• _Task to complete_
Your answer must be the full listing below, restated word for word, with no pictures in it.

• _Data below_
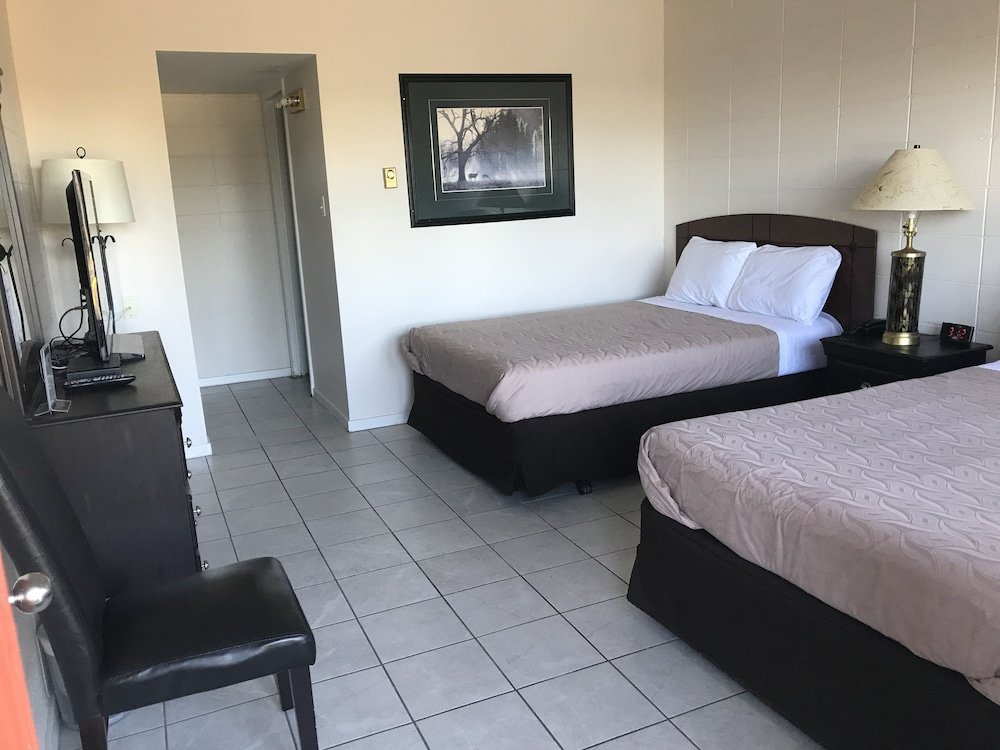 Habitación cuádruple Estándar con balcón Value Lodge Economy Motel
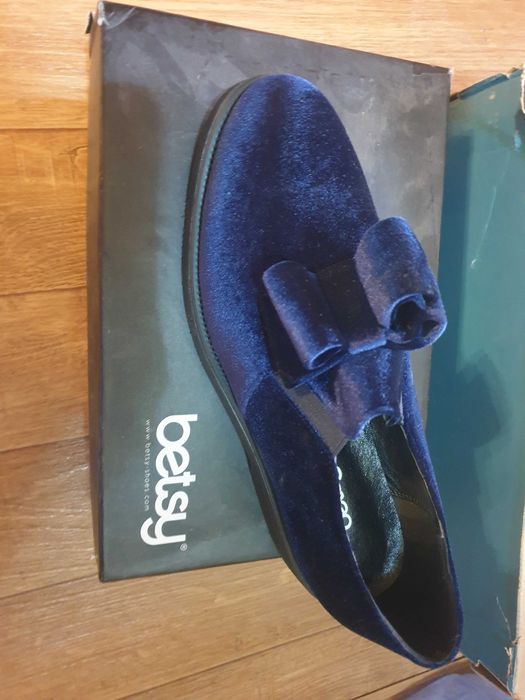 Ботинки женские  новые и б/у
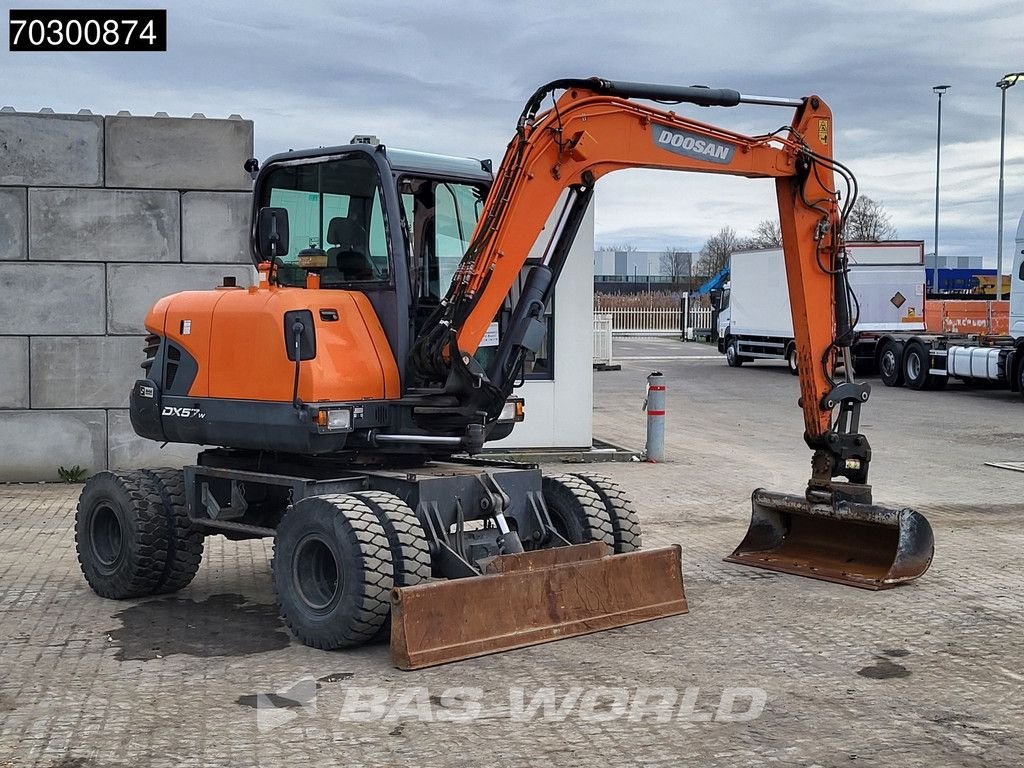 Mobilbagger typu Doosan DX57 W-5 A/C - 3 Buckets, Gebrauchtmaschine v Veghel (Obrázek 10)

• _Task result_
 Habitación cuádruple Estándar con balcón Value Lodge Economy Motel
 Ботинки женские  новые и б/у
 Mobilbagger typu Doosan DX57 W-5 A/C - 3 Buckets, Gebrauchtmaschine v Veghel (Obrázek 10)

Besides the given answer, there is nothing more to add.